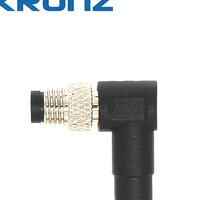 KRONZ M8 Connecteur circulaire 4 broches A-Code mâle 90 degrés à angle droit IP67 étanche câble de capteur pré-moulé 2 mètres en PVC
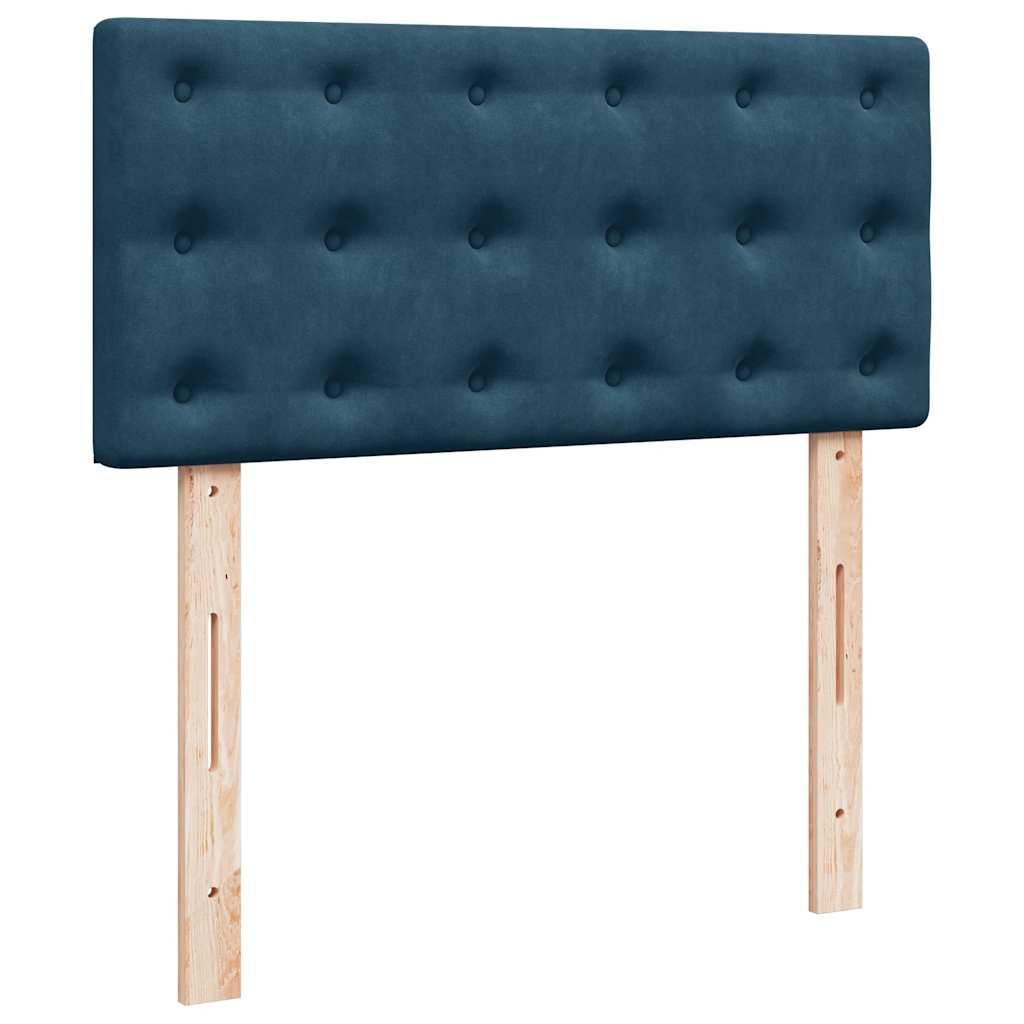 vidaXL Κρεβάτι Boxspring με Στρώμα Μπλε 100x200 εκ. Βελούδινο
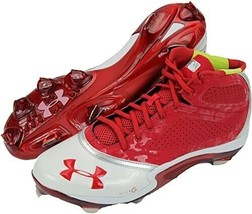 Under Armour 1232849-411 Men’s Ua Heater Mid St Baseball Cleats Sz 12.5 Red - $38.00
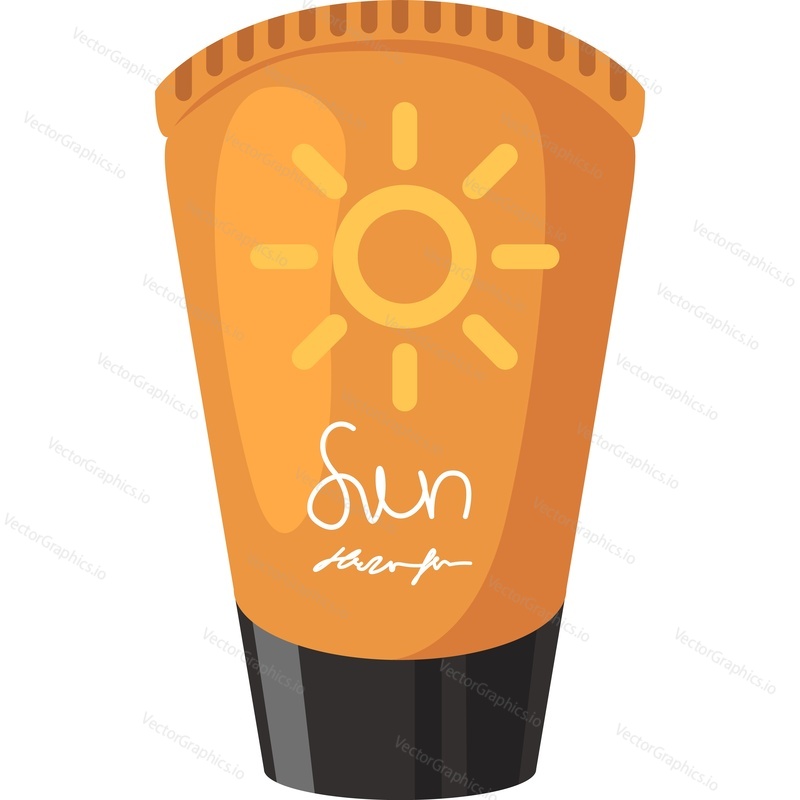 Sunscreen cream for body vector icon isolated on white background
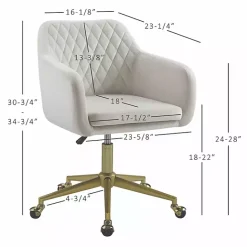 Online Kirklands Home Cream Upholstered Tufted Swivel Office Chair Ivory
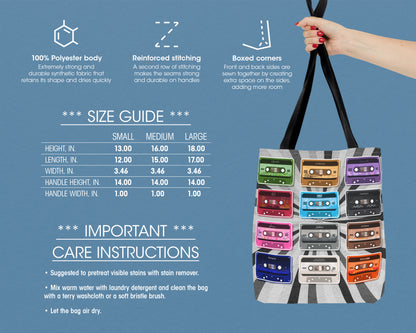 All eras vintage cassette tapes tote bag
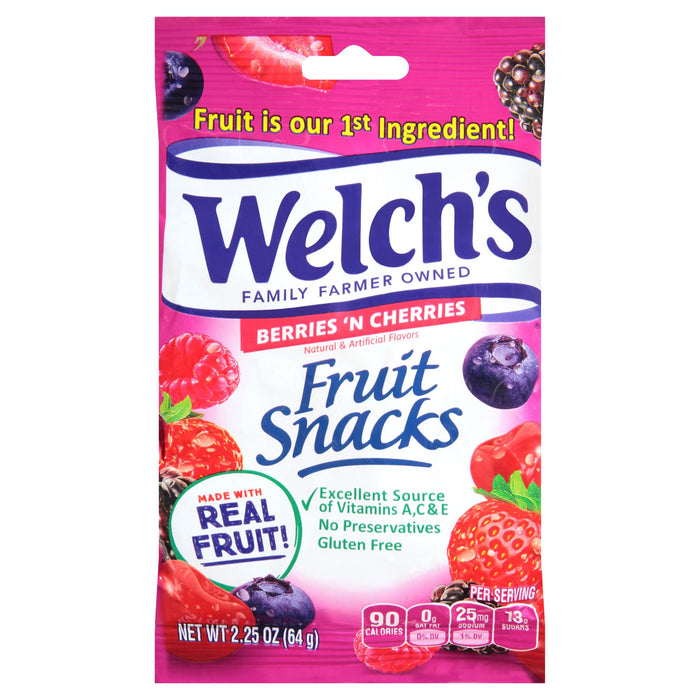Welch's Fruit Snacks, Berries N' Cherries, 2.25 oz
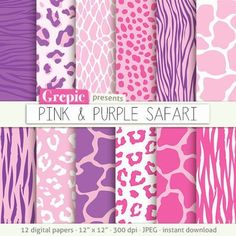 pink and purple leopard print paper pack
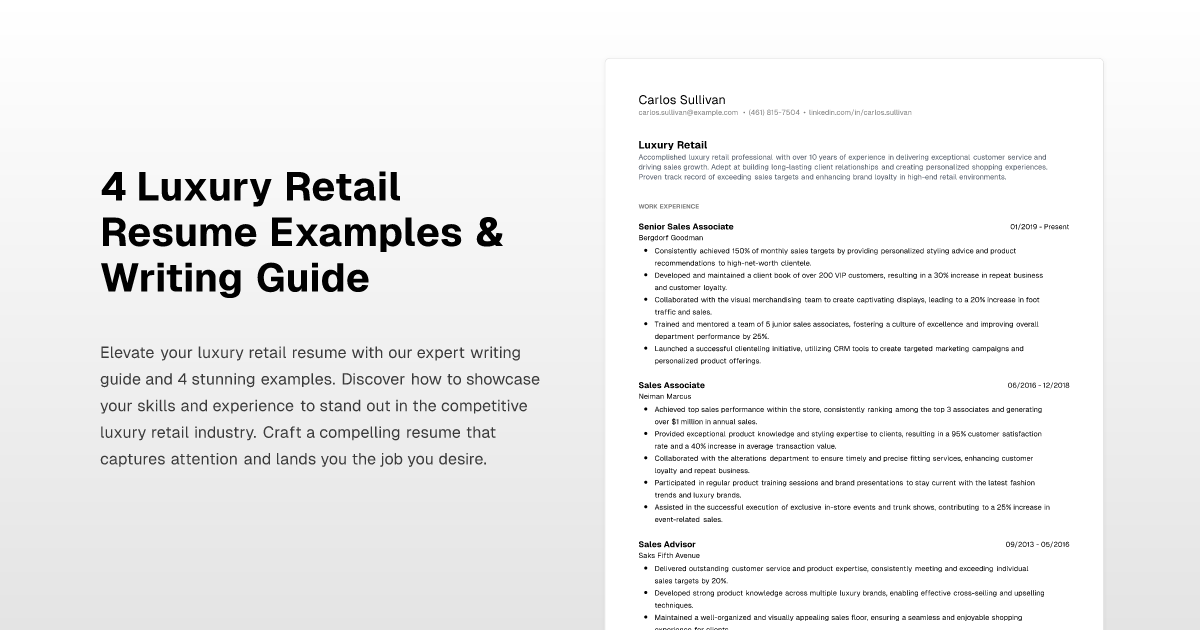 4 Luxury Retail Resume Examples & Writing Guide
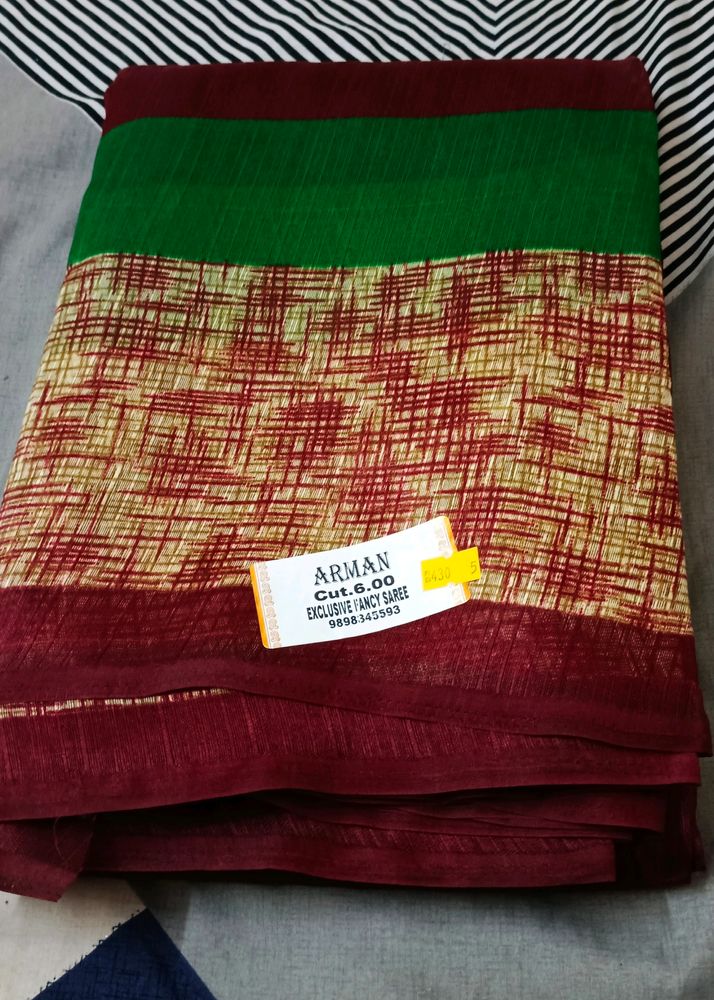 Marron Cotton Saree.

Assignment >>
An exact copy of the entries above is required, with the pictures left out.

Output >>
 KRONZ M8 Connecteur circulaire 4 broches A-Code mâle 90 degrés à angle droit IP67 étanche câble de capteur pré-moulé 2 mètres en PVC
 vidaXL Κρεβάτι Boxspring με Στρώμα Μπλε 100x200 εκ. Βελούδινο
 Under Armour 1232849-411 Men’s Ua Heater Mid St Baseball Cleats Sz 12.5 Red - $38.00
 Sunscreen cream for body vector icon isolated on white background
 Online Kirklands Home Cream Upholstered Tufted Swivel Office Chair Ivory
 All eras vintage cassette tapes tote bag
Welch's Fruit Snacks, Berries N' Cherries, 2.25 oz
 pink and purple leopard print paper pack
 4 Luxury Retail Resume Examples & Writing Guide
 Marron Cotton Saree.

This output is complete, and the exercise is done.